The whole point of our self-guided walking holidays is for you to experience different places, lands, peoples, cultures, customs and landscapes for yourself – and at your own pace – without the obvious disadvantages of being part of a group, and subject to the whims and fancies of the majority. (I can’t think of anything worse!)

However, there are some places where having a local expert to guide you is essential – and on our walking holidays to the foothills of the Himalayas in northern India (on which we work with Village Ways) we feel that the guides are, in fact, an integral part of the whole experience. (Team photo: courtesy Village Ways.)
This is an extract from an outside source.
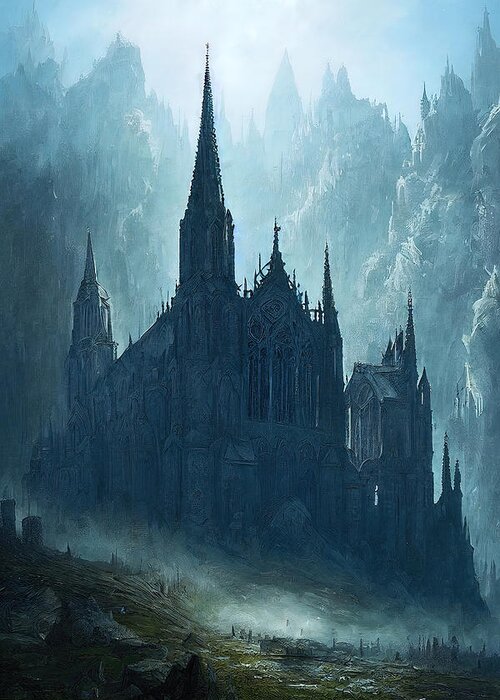 Panorama Greeting Card featuring the painting Gothic Cathedral among the mountains, 05 by AM FineArtPrints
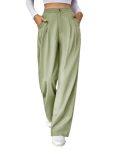 KOTTY Women’s Cotton Blend Straight Fit Cross Pocket Solid Trousers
Walking holidays in IndiaHaving been brought up in the communities between which they will guide you, they are extremely knowledgeable about not only the most interesting paths to follow, but also which places along the route offer the best chance to encounter 'secret' India, in particular birds, flowers or animals.

Not that this means you have to join a group. On arrival at the first village, you will be introduced to your very own guide who will accompany you for your time in the hills, blending discretely into the community each evening, but being there each morning, smiling and ready to tailor the next day’s walking to your wishes. (Picture right: Hem and Harish identify a leopard 'scratch' on one of the trails.)

Walking holidays in IndiaThey walk at your pace, stop when you want to, offer fascinating insights into the local flora and fauna, customs and language, and act as your friendly interpreter throughout your stay. Local people regard it as a great privilege to be selected, as the guides receive training from Village Ways in skills such as hospitality and conversational English.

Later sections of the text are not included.